Una vita troncata a meno di sessanta anni, nel pieno della maturità umana e professionale, con una famiglia sempre da tutelare, uno studio così noto da guidare, Beppe ancora giovane, da accompagnare nel difficile percorso della nostra professione.

Nel rapporto umano Bebè cercava di rendersi subito conto della qualità dell’interlocutore e dello stato d’animo dell’amico che incontrava ma, superata questa piccola fase di studio, accettato quindi l’incontro, la Sua cordialità diventava prorompente, arguti i Suoi interventi: Gli bastava captare un di simpatia nell’interlocutore, per manifestare subito quella gioia di vivere che, come ha ricordato nella Chiesa di S. Croce, DonFranco Renna, Parroco nella Rutigliano che tanto amava, era una Sua caratteristica.
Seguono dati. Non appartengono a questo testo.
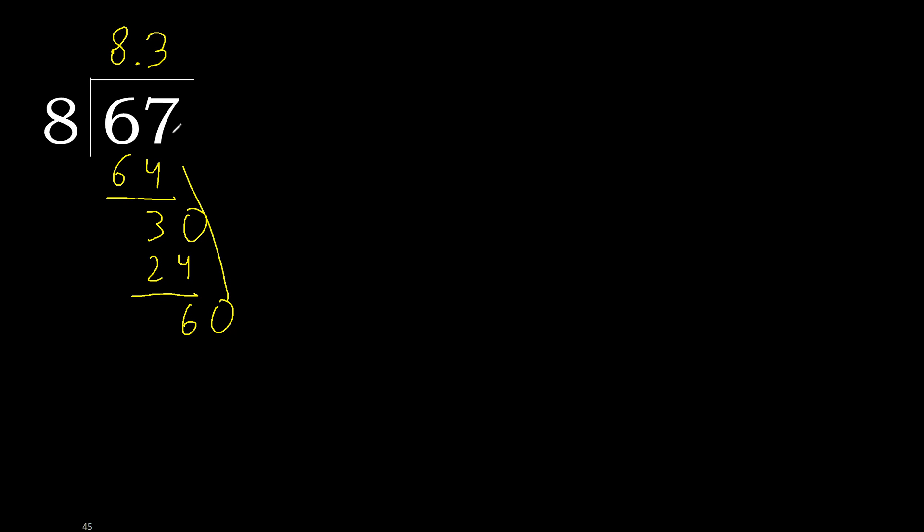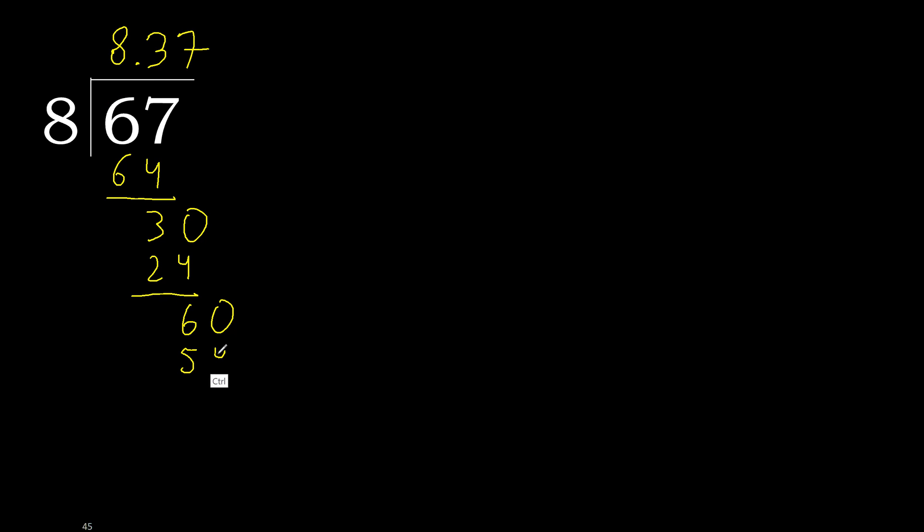6. Complete. Point is here. 60. 8 multiplied by 8 is greater. Multiply by 7, 56, subtract.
Lo stesso breve ma penetrante esame precedeva sempre i Suoi interventi nell’attività professionale: Bebè preferiva prima ascoltare, non rifiutava mai la tesi contrapposta, agiva quasi di rimessa, interveniva con cautela ma riusciva ben presto ad analizzare gli aspetti più rilevanti della vicenda e ad affrontare con chiarezza e profondità ogni problema giuridico, sintetizzando il Suo parere verso le più adeguate soluzioni tecniche.

Il manifesto funebre che, con tanta tristezza abbiamo letto vicino al portone del Suo studio, in via Putignani n. 152, riportava due Sue grandi doti:

la certezza nella Fede, che ci permette di accettare la Volontà Divina e consente a chi è così duramente provato negli affetti familiari di continuare a vivere, e la Sua correttezza professionale: mai Bebè ha avuto contrasti marcati con altri Colleghi; sempre pronto ad una difesa tenace degli interessi del cliente, era disposto ad accettare e a capire ogni contrapposizione.

Arrivederci, caro Bebè, siamo certi che Tu ci attendi così come sempre hai fatto, pazientemente, nelle aule quando capitava a qualsiasi Collega di essere costretto a fare tardi.

Alla Sua adorata consorte Maria Luisa, a Francesca, al nostro Beppe, ai cari nipotini e ai familiari tutti, il sentito cordoglio del Sindacato e dei Colleghi del Foro.